Nicht nur die Kleidung, auch das Tanzen selbst hat sich stark verändert: „Die Choreographien sind heute sehr viel athletischer und schneller. Wenn man früher fünf Pirouetten am Stück gedreht hat, war das schon gut, heute drehen manche Teams bis zu 20“, ergänzt Britta Jungen-Schmitz, die die Entwicklung über die Jahre immer verfolgt und kaum eine DM verpasst hat. „Und es war eine Sensation, als Petra Heiduk das wandernde Roundabout erfunden hat – heute wird hin und her mit wechselnden Bildern gewandert, ein Bodenwischer dazwischen, und weiter geht’s.“ Die 51-Jährige unterstützte Reißer in den ersten Jahren mit Dorothee Söndgen als Co-Trainerin beim B-Team und hilft auch heute immer wieder aus, wenn die jetzigen Trainer Nils Reißer und Laura Bülles, zusammen auch ein Paar im A-Team, verhindert sind.
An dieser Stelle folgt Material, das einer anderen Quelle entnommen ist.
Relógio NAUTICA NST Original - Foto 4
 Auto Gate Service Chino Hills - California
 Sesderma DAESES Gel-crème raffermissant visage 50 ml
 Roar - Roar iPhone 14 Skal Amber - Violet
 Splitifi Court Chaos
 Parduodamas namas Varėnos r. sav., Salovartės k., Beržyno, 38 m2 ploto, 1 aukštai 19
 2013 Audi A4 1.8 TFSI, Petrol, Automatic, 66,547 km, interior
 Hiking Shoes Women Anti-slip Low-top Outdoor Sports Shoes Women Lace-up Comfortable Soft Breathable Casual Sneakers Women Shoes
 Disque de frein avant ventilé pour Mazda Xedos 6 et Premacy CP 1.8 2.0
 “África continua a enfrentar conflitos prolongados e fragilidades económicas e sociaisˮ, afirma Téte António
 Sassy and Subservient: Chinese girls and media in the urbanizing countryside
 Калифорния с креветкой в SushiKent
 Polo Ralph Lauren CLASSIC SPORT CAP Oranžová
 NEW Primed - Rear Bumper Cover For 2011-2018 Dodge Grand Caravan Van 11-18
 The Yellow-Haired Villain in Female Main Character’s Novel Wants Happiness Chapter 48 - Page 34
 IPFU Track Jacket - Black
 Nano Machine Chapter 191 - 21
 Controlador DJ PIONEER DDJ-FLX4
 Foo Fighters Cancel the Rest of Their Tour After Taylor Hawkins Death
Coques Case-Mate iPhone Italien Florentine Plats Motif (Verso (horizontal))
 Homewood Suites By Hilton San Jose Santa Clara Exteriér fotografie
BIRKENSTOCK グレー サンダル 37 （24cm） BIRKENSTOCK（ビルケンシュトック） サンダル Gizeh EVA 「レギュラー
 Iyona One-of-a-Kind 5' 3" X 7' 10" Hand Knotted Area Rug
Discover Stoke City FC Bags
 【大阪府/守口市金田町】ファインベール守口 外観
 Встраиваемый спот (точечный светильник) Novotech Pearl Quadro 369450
Was geblieben ist – und das ist die Heiduk-Schule – bei Britta Jungen-Schmitz und Holger Reißer die Vorliebe für das Tänzerische, das auch die erste von Reißer komplett entwickelte Choreographie unterstreicht, mit der Aachen bisher alle Turniere in der Zweiten Liga gewinnen konnte. Und mit der der Aufstieg gelingen soll. „Ich erinnere mich an eine Autofahrt, da war Simon ein halbes Jahr im Team“, blickt Holger Reißer zurück. „Da habe ich gesagt, ich möchte mal gerne mit Dir eine DM erleben, Du als Tänzer und ich als Trainer.“

Nur zwei Hürden gibt es noch: Es muss mindestens Platz zwei beim Aufstiegsturnier herausspringen, wobei Walsrode und Bietigheim, die führenden Formationen in Nord und Süd, ebenfalls sehr stark sind. Und dann hängt es vom Studium ab, denn momentan bastelt Simon Schmitz nebenbei noch sehr erfolgreich am Abitur. „Der Aufstieg war von Beginn an unser Ziel, wir wollten die alten Bundesliga-Zeiten beim TSC wiederbeleben. Und ich möchte gerne selbst Bundesliga tanzen“, sagt der 18-Jährige, der auf Lehramt studieren möchte – ganz wie die Mama.